**WORK INSTRUCTIONS:**
Look in the listing below for the line that has "Зазноба-растение.jpg", then return it and each following line up to and including the one with "Blue Shrimp", exactly and without pictures.

**DATA PROVIDED:**
════════════════

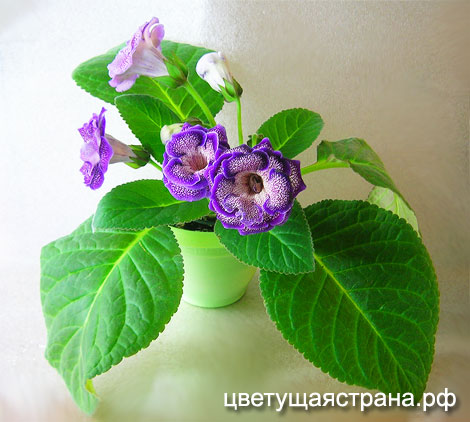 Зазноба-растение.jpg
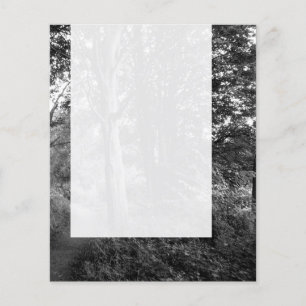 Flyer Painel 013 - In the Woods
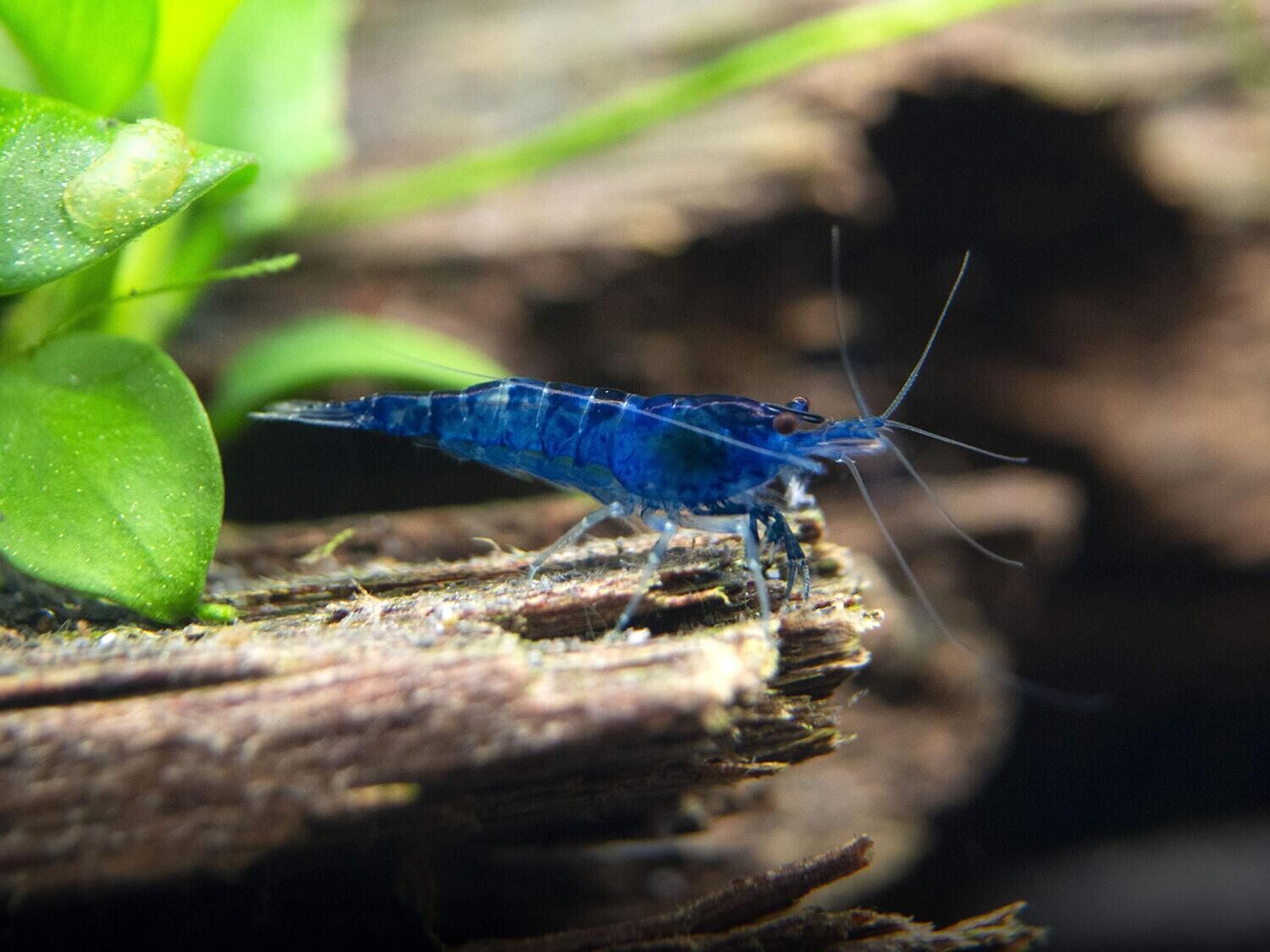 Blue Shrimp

════════════════

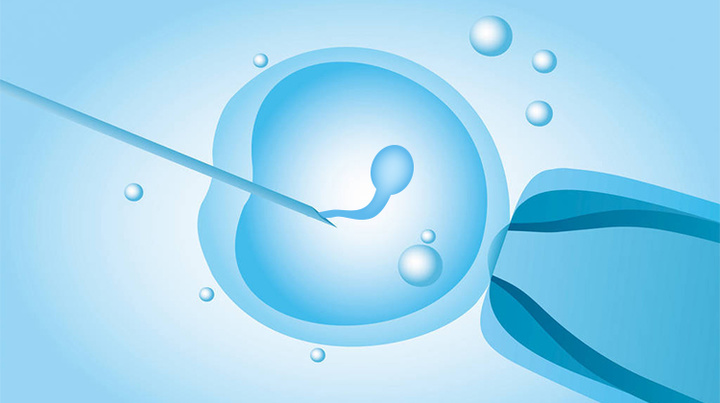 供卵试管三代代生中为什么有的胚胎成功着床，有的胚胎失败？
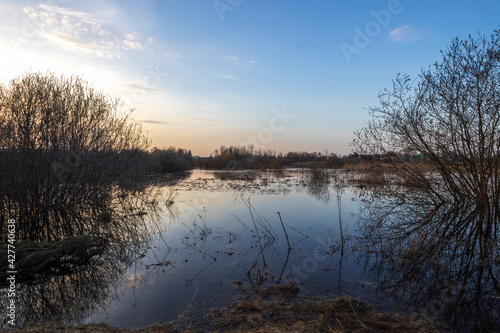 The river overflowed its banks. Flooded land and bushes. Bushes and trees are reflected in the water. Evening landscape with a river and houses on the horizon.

════════════════

**RESPONSE TO THIS EXERCISE:**
 Зазноба-растение.jpg
 Flyer Painel 013 - In the Woods
 Blue Shrimp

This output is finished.